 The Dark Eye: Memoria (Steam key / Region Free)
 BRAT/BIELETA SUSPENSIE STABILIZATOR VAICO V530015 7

==

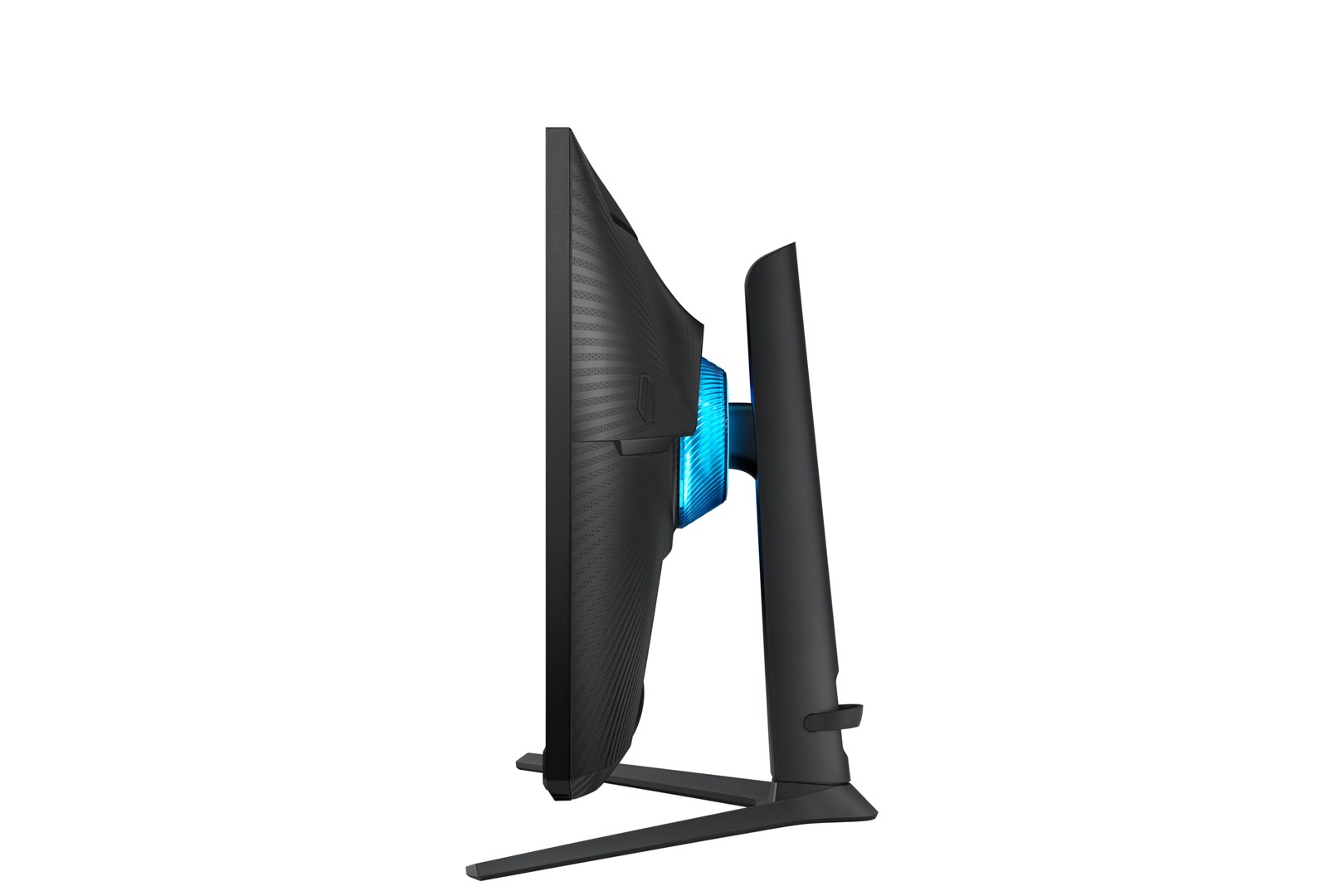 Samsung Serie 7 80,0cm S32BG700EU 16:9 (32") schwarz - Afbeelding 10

---

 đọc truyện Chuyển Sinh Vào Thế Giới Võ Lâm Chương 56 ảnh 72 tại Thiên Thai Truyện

- _WORK TO BE COMPLETED_
As the answer, set down only the lines from the data above between the one holding "The Dark Eye: Memoria" and the one holding "BRAT/BIELETA SUSPENSIE STABILIZATOR", inclusive, exactly as they read.

- _THE ANSWER_
 The Dark Eye: Memoria (Steam key / Region Free)
 BRAT/BIELETA SUSPENSIE STABILIZATOR VAICO V530015 7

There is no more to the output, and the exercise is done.